_DIRECTIONS FOR THIS TASK:_ Retype word for word the line containing "34,5x34x180 cm vidaXL" and each line that follows it in the records below, through the last one, with no pictures.

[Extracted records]

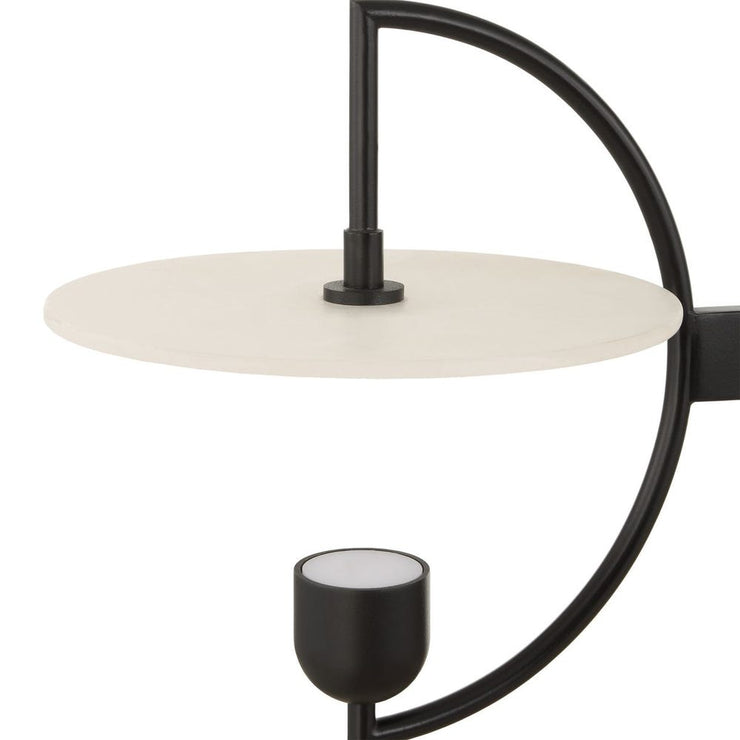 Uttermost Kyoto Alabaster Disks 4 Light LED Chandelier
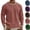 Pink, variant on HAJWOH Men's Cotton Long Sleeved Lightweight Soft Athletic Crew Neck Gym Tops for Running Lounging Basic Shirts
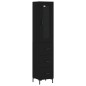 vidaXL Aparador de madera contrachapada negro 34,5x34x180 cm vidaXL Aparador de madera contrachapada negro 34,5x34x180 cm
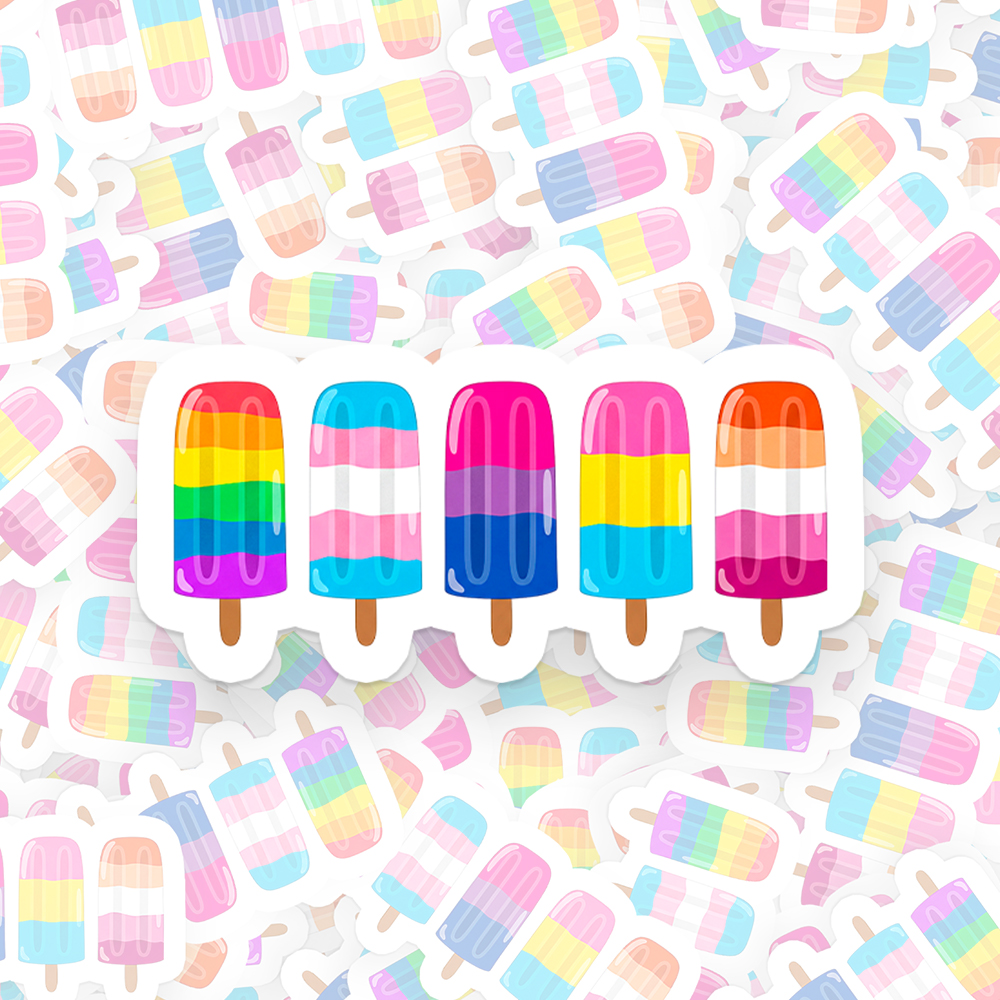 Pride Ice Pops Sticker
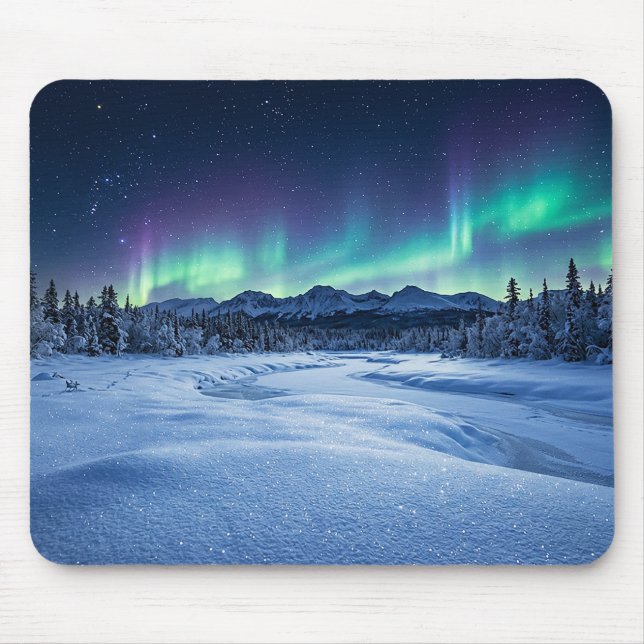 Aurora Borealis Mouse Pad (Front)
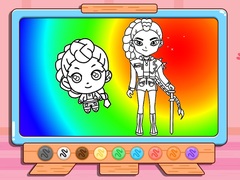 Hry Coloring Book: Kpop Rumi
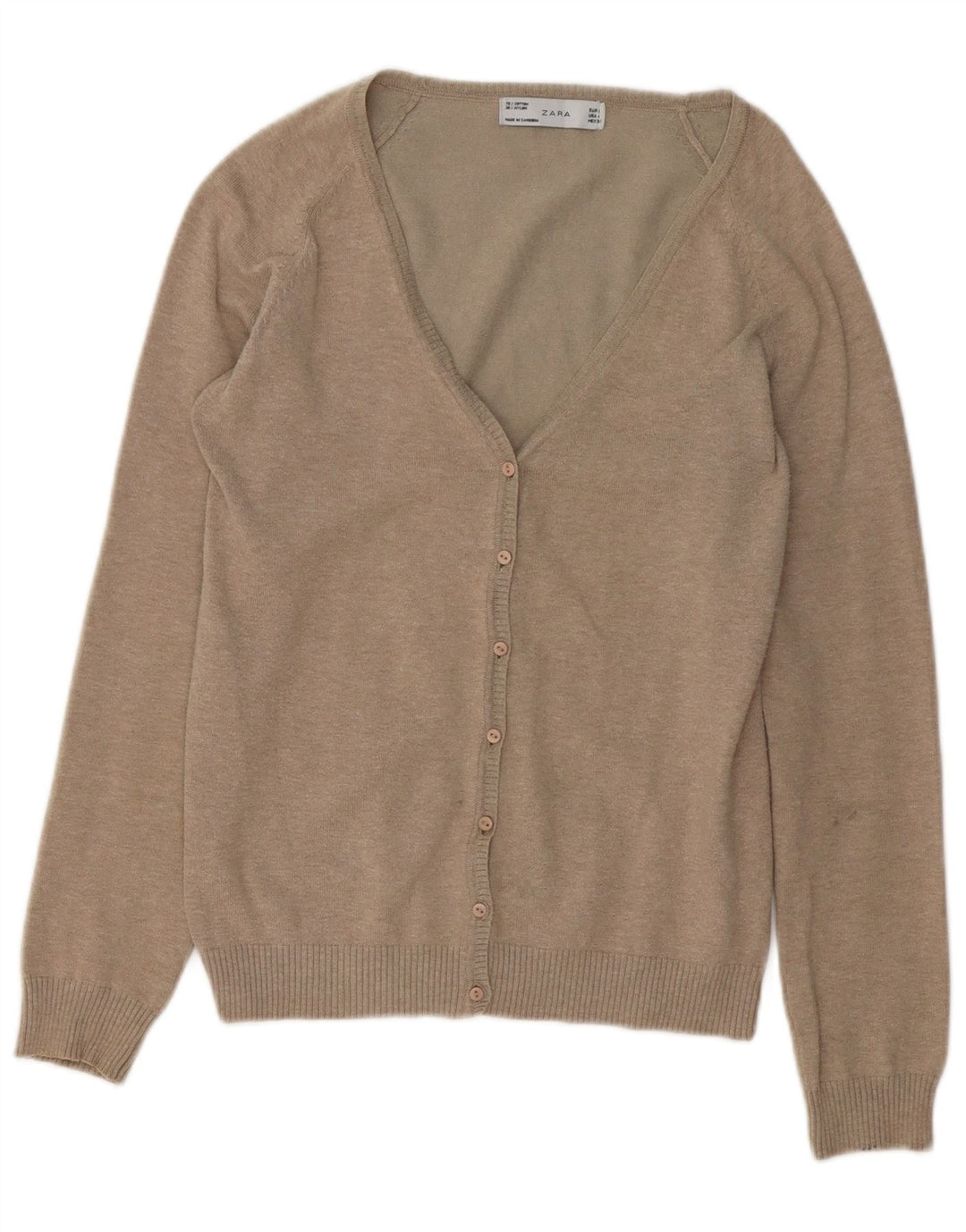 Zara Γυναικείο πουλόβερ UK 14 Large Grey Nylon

_EXERCISE SOLUTION:_
 vidaXL Aparador de madera contrachapada negro 34,5x34x180 cm vidaXL Aparador de madera contrachapada negro 34,5x34x180 cm
 Pride Ice Pops Sticker
 Aurora Borealis Mouse Pad (Front)
 Hry Coloring Book: Kpop Rumi
 Zara Γυναικείο πουλόβερ UK 14 Large Grey Nylon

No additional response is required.